=== Task description ===
An exact copy is needed of the lines in the entries below from the line with "著名投資家、ビットコインETFを18.9%買い増し|コールは85%減" up to and including the line with "Antiguos Estribos de", and of nothing else. Leave the pictures out.

=== Task data ===
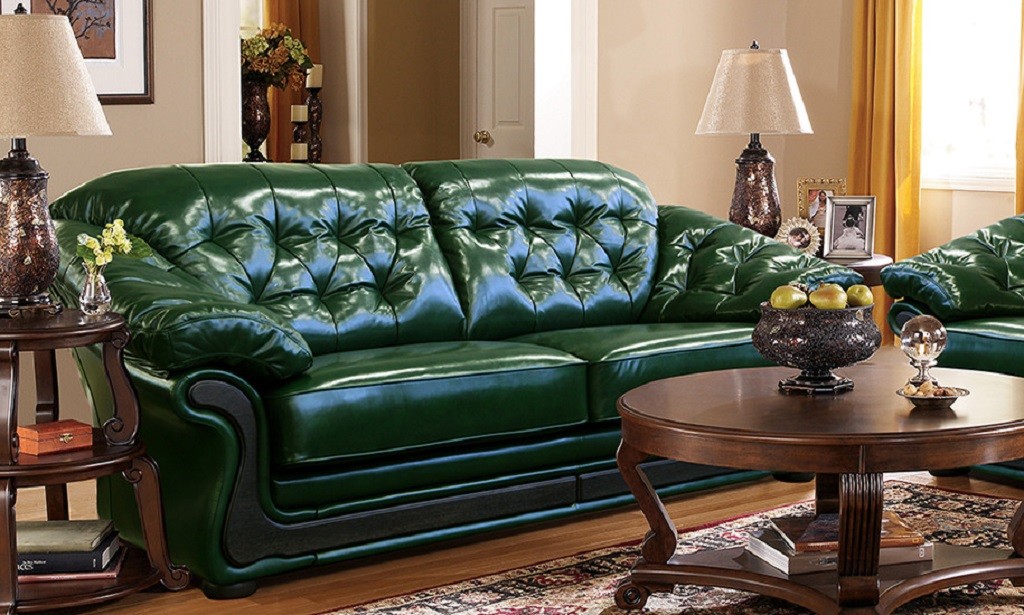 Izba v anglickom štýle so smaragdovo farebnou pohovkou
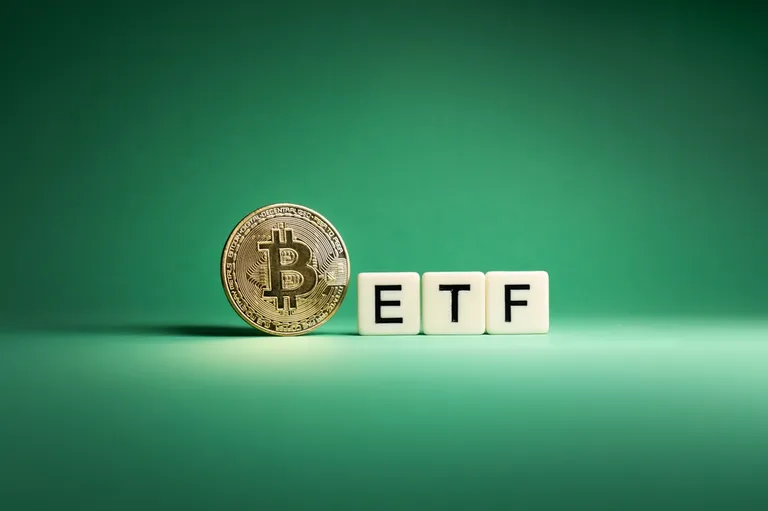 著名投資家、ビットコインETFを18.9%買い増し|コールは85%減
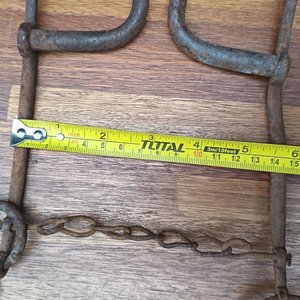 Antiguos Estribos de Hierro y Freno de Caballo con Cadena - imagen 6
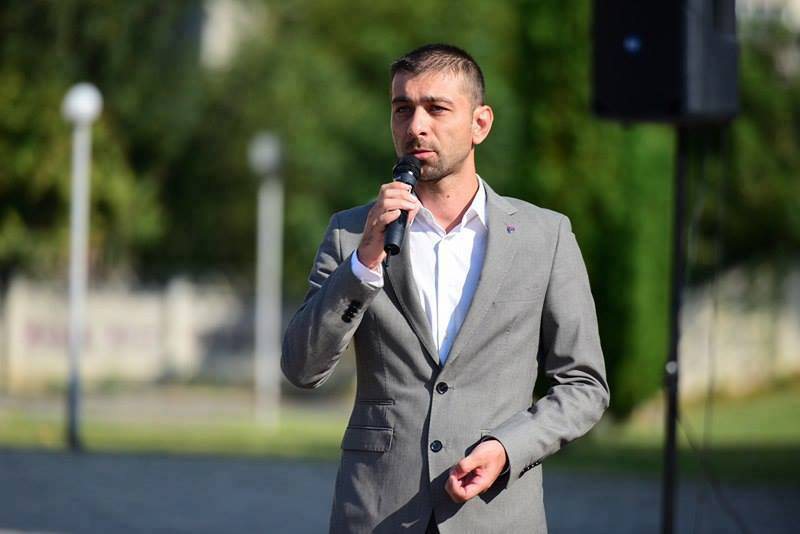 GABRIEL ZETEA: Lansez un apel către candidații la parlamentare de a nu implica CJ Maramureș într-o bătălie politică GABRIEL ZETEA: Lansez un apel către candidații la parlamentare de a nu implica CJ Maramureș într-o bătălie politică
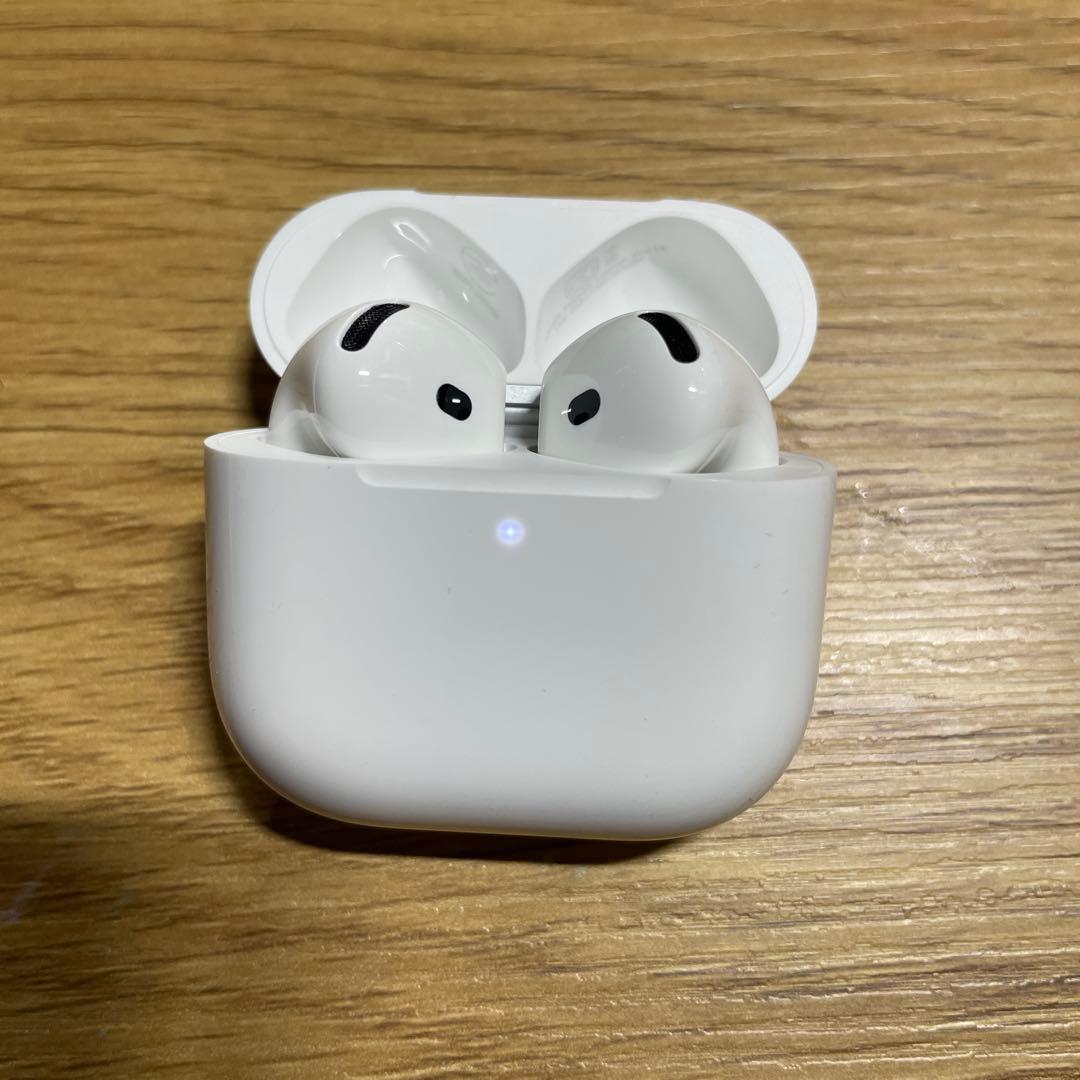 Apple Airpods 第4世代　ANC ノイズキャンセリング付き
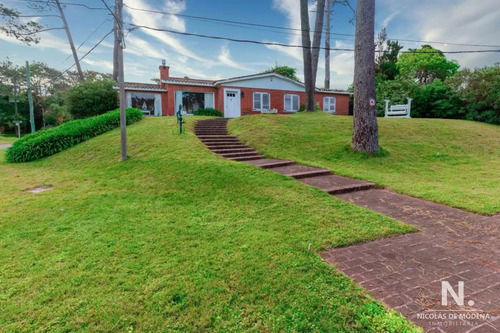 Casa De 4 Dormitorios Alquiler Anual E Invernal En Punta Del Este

==

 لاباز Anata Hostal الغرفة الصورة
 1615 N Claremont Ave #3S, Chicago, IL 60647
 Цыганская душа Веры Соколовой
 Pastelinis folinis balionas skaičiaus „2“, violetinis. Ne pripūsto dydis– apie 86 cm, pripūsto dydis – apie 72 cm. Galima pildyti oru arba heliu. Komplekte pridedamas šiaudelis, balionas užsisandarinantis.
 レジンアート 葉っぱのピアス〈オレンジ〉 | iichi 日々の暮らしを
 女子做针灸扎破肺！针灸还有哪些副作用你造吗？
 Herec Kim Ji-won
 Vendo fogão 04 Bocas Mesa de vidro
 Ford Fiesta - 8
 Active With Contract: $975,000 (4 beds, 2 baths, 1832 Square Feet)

=== Solution for this exercise ===
 著名投資家、ビットコインETFを18.9%買い増し|コールは85%減
 Antiguos Estribos de Hierro y Freno de Caballo con Cadena - imagen 6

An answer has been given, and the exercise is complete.